Provided entries below:

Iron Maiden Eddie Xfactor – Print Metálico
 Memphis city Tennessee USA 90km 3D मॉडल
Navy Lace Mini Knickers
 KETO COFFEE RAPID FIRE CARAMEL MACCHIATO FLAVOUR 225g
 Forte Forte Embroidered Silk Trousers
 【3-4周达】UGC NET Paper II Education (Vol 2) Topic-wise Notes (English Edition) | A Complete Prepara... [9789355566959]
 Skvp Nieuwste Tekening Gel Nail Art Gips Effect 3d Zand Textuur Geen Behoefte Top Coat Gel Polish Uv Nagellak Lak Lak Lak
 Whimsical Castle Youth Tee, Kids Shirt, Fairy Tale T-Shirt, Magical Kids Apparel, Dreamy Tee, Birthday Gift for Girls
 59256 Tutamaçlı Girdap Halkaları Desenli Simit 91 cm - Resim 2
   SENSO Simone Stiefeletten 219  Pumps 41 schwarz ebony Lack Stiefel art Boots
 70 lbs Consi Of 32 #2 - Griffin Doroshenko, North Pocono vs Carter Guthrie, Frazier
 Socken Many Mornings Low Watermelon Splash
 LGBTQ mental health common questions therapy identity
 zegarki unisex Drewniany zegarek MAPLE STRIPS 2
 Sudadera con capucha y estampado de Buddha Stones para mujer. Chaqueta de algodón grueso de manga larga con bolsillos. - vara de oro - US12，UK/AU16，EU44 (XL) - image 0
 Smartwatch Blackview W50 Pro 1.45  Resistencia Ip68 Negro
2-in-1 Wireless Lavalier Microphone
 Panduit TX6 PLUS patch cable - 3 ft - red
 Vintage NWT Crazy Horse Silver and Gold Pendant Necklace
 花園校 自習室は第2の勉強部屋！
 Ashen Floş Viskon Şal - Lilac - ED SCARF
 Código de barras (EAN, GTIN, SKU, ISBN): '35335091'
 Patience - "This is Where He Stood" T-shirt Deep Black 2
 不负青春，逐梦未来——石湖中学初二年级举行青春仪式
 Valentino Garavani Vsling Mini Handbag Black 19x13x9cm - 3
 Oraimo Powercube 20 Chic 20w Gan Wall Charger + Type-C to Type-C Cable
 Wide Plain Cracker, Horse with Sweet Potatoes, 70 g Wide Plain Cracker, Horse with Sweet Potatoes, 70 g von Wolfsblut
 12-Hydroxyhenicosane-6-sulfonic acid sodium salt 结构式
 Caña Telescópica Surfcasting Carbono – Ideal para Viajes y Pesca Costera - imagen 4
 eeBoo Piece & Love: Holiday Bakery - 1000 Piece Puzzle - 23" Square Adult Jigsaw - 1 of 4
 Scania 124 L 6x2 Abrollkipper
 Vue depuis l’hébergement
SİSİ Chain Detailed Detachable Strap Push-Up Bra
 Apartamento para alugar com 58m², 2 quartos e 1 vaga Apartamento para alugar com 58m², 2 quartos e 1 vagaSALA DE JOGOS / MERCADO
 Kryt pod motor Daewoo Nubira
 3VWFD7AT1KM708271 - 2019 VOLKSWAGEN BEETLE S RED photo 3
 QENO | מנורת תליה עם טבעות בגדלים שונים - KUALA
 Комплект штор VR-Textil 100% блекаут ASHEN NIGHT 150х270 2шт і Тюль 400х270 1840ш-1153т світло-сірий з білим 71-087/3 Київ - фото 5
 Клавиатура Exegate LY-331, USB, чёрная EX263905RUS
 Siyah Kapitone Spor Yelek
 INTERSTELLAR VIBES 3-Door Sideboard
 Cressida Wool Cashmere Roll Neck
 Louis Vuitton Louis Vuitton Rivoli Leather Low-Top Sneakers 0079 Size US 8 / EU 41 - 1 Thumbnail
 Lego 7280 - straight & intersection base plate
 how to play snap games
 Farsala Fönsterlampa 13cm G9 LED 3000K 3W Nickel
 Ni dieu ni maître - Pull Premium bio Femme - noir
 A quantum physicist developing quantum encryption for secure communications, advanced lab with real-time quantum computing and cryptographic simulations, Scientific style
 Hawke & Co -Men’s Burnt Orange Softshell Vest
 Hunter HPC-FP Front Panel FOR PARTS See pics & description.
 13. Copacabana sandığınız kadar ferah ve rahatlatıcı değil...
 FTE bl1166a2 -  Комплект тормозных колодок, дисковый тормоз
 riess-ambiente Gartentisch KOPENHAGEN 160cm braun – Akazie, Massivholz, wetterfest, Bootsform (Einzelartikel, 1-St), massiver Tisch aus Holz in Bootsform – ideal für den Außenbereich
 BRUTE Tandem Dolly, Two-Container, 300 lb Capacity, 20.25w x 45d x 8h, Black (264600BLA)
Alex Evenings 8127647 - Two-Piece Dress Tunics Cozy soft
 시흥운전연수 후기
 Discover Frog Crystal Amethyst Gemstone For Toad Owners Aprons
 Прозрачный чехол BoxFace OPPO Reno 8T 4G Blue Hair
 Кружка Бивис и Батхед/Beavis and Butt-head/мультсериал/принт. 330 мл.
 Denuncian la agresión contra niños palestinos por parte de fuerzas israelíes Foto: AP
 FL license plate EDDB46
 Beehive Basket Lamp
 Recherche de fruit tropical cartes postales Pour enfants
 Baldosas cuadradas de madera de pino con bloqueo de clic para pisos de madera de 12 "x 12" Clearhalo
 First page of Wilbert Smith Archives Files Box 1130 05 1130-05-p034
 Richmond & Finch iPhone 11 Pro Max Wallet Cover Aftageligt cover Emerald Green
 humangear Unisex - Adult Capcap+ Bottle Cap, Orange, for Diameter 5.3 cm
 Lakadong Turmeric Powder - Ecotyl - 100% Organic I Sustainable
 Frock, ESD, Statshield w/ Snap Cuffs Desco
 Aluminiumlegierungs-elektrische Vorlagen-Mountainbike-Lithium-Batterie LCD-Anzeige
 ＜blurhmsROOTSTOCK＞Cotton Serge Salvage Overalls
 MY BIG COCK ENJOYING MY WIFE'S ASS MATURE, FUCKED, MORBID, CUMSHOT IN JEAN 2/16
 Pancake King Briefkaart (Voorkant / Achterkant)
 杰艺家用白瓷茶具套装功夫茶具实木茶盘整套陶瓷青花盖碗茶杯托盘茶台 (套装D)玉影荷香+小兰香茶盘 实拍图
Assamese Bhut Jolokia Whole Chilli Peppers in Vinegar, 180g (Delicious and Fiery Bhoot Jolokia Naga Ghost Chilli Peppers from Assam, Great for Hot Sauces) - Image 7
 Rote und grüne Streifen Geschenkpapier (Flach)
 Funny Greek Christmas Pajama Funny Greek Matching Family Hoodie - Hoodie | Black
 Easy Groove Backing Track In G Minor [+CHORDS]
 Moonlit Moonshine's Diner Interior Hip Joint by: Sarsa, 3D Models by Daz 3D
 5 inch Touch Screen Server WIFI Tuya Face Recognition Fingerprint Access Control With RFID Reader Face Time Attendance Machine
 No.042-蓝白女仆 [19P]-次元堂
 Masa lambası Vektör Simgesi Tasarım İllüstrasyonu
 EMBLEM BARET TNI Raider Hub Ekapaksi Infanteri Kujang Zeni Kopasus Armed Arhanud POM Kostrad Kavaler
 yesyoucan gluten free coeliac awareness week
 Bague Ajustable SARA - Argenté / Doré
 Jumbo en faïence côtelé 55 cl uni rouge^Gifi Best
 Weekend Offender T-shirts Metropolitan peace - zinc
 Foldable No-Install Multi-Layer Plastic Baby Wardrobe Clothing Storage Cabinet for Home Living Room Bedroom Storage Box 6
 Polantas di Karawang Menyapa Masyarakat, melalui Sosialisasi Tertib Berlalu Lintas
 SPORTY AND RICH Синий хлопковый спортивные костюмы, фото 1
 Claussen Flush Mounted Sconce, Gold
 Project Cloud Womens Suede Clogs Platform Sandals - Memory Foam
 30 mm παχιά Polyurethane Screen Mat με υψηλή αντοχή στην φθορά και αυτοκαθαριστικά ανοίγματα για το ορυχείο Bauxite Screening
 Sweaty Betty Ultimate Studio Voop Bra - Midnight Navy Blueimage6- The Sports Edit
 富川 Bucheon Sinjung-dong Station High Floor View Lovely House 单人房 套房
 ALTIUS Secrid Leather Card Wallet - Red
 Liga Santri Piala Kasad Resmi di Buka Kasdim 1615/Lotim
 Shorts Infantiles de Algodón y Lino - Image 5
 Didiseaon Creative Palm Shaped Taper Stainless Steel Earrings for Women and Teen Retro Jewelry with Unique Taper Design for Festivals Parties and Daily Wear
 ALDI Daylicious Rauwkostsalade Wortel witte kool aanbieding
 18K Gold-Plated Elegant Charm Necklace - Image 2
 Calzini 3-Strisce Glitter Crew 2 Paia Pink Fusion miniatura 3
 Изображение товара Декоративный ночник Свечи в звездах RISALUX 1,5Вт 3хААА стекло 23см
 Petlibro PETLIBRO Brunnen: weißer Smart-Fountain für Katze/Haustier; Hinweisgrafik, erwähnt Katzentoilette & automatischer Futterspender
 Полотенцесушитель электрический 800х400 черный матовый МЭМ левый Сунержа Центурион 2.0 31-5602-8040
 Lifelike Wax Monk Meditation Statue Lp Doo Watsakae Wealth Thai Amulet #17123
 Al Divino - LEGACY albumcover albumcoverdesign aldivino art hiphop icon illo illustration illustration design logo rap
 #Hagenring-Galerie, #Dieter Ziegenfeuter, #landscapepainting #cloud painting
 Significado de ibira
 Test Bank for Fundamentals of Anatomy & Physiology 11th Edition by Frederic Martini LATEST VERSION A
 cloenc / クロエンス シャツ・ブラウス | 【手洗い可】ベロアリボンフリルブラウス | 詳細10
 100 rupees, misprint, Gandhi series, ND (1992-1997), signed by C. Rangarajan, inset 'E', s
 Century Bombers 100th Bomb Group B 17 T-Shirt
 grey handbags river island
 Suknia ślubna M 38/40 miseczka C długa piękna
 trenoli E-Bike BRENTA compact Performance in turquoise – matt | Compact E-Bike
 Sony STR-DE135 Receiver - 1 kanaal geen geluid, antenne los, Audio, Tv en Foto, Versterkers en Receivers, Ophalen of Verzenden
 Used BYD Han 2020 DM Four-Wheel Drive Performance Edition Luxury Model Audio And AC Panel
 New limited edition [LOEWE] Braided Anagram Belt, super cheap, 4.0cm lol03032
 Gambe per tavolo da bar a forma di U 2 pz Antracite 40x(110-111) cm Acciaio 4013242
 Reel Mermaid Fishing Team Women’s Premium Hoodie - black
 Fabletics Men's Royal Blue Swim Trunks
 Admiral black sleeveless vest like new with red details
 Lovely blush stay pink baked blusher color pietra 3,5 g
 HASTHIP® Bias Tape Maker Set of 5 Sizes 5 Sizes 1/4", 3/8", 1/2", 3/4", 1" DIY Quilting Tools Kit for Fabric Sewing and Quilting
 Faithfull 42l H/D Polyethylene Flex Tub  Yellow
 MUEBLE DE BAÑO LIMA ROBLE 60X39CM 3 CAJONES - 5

End of Provided entries.

▸ **Problem details**:
Going down the listing above, begin printing at the line with "30 mm παχιά" and finish with the line with "富川 Bucheon Sinjung-dong", exactly as they appear.

▸ **Solution to the exercise**:
 30 mm παχιά Polyurethane Screen Mat με υψηλή αντοχή στην φθορά και αυτοκαθαριστικά ανοίγματα για το ορυχείο Bauxite Screening
 Sweaty Betty Ultimate Studio Voop Bra - Midnight Navy Blueimage6- The Sports Edit
 富川 Bucheon Sinjung-dong Station High Floor View Lovely House 单人房 套房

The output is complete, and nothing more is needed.